The governor of the Kursk Oblast announced that a border post in the Sudzhansky District had been bombed, reportedly by Ukrainian forces, on 6 April. On 9 April, it was announced that another border post had been shelled, this time in .

According to Ukrainian officials, Russian forces shelled on the Russia-Ukraine border, severely damaging 2 villages. More than 30 mortars were fired from the Russian settlement of .

May 2022 

Russian forces started shelling across the Shostka district with rocket launchers on 8 May.  Russian forces also destroyed a Jewish cemetery.
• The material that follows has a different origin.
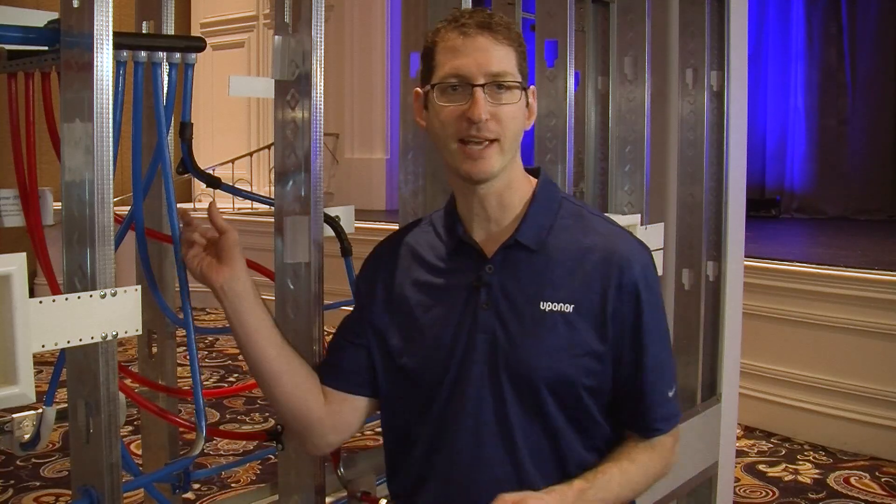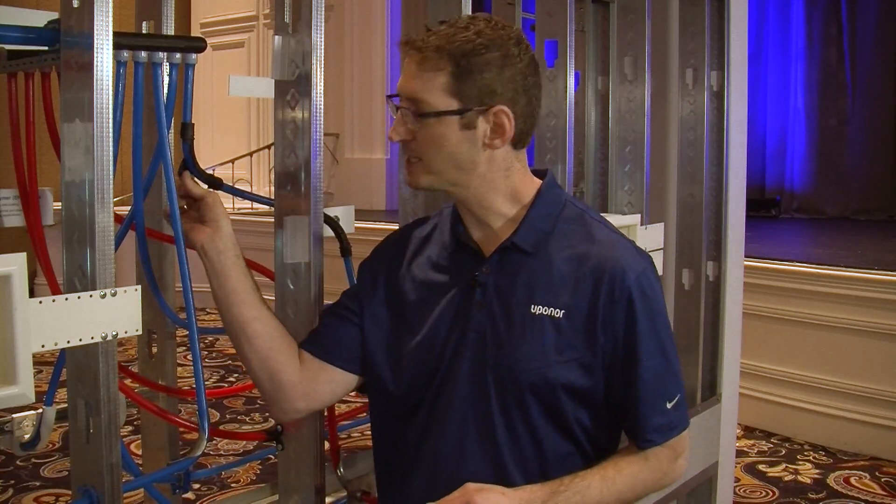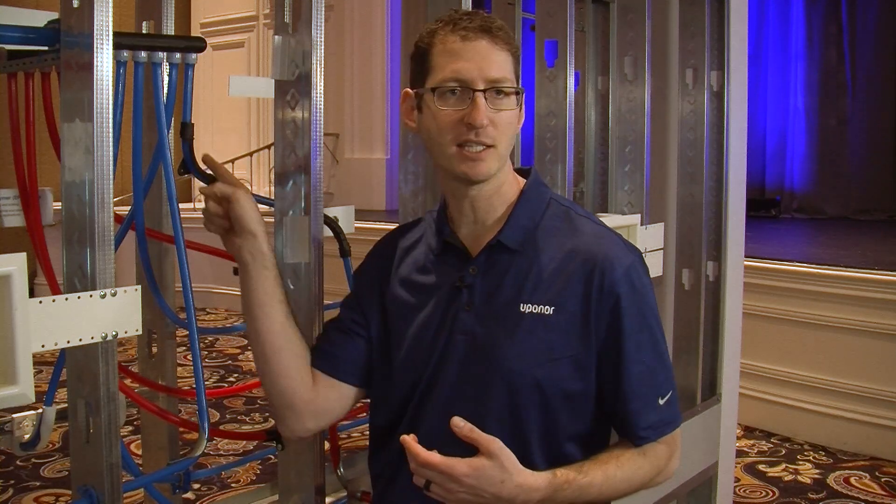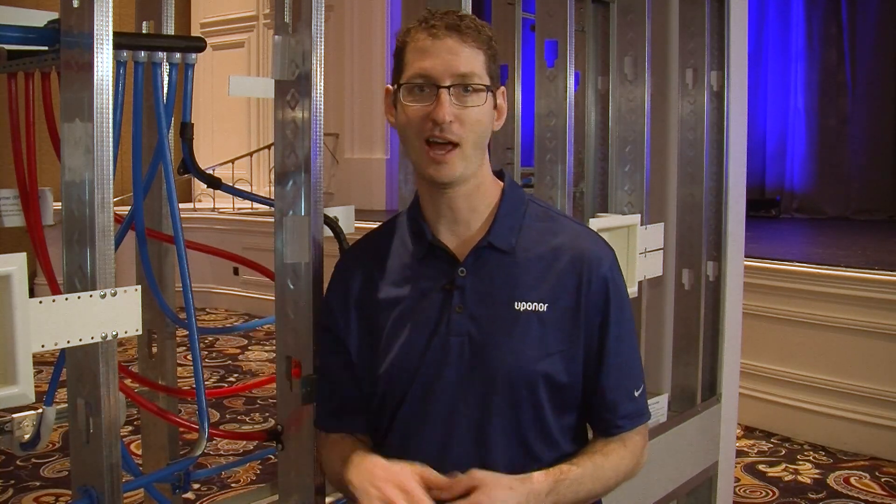What I have behind me is a plastic bend support, and this plastic bend support has a little hole in it so if I wanted to drill it to the structure I could. What this does is it means I don't have to cut the pipe, use another fitting, or use another coupling — and I don't have the liability concerns when I leave the job site because that's not another connection behind a wall.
On 12 May, a civilian was killed due to the shelling. On 13 May, Russia fired on a border village in the Shostka district using unguided air missiles.

As shelling continued, Russian forces defeated a few elements of the Ukrainian Border Guard and entered Shostka district on 16 May.  Fighting continued until 17 May, when they were finally kicked out.

On 21 May, 6 Russian air strikes and artillery hit the border settlement of Kucherivka.

Russian war planes hit two villages in Shostka on 24 May.

On 28 May, Russian warplanes targeted the Ukrainian border and started firing the border with mortars from the Russian village of Troebortnoe.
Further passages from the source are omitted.